Sql-server – ETL, Production, Development — Should these be different servers? Instances

etlsql serverssis

You can say I've become an "accidental DBA" as people have left this company and I'm managing many aspects of the BI system now suddenly.

My predecessor left quite the mess regardless but I'm trying to think of the best way forward in terms of hardware architecture and logical partitioning.

We have a SQL-Server Data Warehouse. We have ETL scripts (on the same server). We don't have a Test-Production split for database development.

My questions:

  1. Should the ETL scripts (SSIS and Pentaho PDI) be located on the same server as the data warehouse?

I understand this is a complicated question. My understanding is this.

Pros for separate ETL server: Contrary to belief, SSIS and SQL Server don't play nicely via memory management and SQL Server plays best by itself. Scalability and optimization generally favor a separate ETL environment as ETL processes have entirely different needs (far fewer backup needs, far less storage needs).

Cons: Well, additional hardware costs. Additional SQL Server license costs in the case of SSIS (an additional one if separated) so for Standard edition it's an extra $900 and for enterprise and additional $13k or whatever. ALSO, our data warehouse is only used during the day (by developers) – ETL is only run overnight – there is little overlap. Only potentially backup processes may interfere. So maybe the 'competition' aspects are overblown and resource-pooling (for more CPU hardware, which our company IS FRUGAL when it comes to hardware) is advantageous.

  1. Same question but for Test and Production environments.

What exactly is the point of an "instance" separation, as opposed to a database (one lower) or server (one higher) separation?

I guess they have wider configuration options, but — well even servers can be running on the same physical hardware/ computer. What are the pros of separation Test/ Prod databases via 2 servers or just 2 instances? I take it with 2 instances you're sacrificing configuration for simplicity?

Best Answer

There are probably a hundred reasons if we think about it really hard, but there are really just a few reasons that are so important that we never bother thinking of others:

  • Resources: If you haven't had a situation yet were someone did something on a non-production server that sucked up all the memory, CPU, or I/O, you will eventually have that if you continue to work in IT long enough. You don't want this happening in production. Yeah, the developers won't do any testing at night when the production ETL processes are running--until they are up against a deadline. Even if you use resource governing, separate instances--whatever, again, once you've been around long enough (my apologies if you feel that you have), you'll still not want them running on the same box.

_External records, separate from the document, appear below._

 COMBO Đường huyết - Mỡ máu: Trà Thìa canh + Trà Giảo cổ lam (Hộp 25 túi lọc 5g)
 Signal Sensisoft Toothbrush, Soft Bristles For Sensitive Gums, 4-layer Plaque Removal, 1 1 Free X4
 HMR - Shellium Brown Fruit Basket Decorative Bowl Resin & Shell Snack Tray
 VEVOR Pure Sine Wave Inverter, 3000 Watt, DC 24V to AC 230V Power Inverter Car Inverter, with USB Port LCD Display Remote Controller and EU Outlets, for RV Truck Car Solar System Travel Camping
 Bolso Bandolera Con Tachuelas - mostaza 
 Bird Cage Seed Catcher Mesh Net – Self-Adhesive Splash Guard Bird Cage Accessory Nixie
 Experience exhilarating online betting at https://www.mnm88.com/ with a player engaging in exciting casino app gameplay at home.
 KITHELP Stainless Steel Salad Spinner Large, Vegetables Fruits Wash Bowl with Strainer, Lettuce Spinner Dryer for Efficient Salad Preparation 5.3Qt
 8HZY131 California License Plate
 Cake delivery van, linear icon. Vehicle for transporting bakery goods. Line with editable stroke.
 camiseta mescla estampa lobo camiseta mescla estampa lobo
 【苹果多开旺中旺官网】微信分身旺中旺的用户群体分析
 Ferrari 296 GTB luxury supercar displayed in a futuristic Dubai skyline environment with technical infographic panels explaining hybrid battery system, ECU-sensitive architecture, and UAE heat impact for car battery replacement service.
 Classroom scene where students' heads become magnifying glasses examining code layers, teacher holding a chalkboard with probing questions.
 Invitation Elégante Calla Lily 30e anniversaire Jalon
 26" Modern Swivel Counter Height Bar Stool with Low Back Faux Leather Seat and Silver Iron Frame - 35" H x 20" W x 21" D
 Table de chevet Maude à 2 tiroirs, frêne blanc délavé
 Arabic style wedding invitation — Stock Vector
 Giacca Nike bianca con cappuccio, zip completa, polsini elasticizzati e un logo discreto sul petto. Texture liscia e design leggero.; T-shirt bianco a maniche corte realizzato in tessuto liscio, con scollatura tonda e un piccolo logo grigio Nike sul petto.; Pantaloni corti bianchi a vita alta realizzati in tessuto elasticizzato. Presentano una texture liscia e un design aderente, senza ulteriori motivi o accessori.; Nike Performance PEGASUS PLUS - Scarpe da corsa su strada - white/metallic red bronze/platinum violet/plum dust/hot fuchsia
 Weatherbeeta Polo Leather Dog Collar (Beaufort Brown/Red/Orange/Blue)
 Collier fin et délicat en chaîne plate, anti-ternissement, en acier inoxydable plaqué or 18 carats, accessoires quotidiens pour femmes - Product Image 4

  • Security: Ideally you want to have Active Directory groups for any access that doesn't use a SQL login. If your development and production are on the same instance, then all of the developers have some access to the production instance. Ideally you want to allow only as few people as possible the ability to even log in to the production instance

  • Changes: You are limited to what changes can be tested if all environments use the same system. Can't test a new service pack or cumulative update if everything's on the same instance.

  • The Future: If you have separate systems for each environment, you will be much more likely to be able to accommodate future needs. For example, isolating non-production systems from production systems is becoming A Thing for security purposes. So workstations can talk to dev and prod, but dev and prod servers are prohibited from communicating. Can't do this if it's all on the same system.

  • Reduced Probability of Accidents: If you have "dev" in the name of every server, database, SQL login, etc. that is in the development environment, you are much less likely to have someone accidentally run something in production. Lots of horror stories out there when credentials were the same name and then it just took a server name typo to bring down production.

Using multiple instances would certainly be a step in the right direction, but you still have risk of resource contention, inability to test impact of OS updates, security changes to OS, different driver versions, etc.

The same principles apply as to whether to run the SSIS jobs on the same server. Ideally, you would have a separate SSIS server so that you avoid the resource contention--you seem to have a good grasp of that. Whether it's worth it for you organization to pay for the additional hardware and software licenses--no way for us to tell. Present it to management, and if they decline then you are covered if things go badly due to too many things running on one system.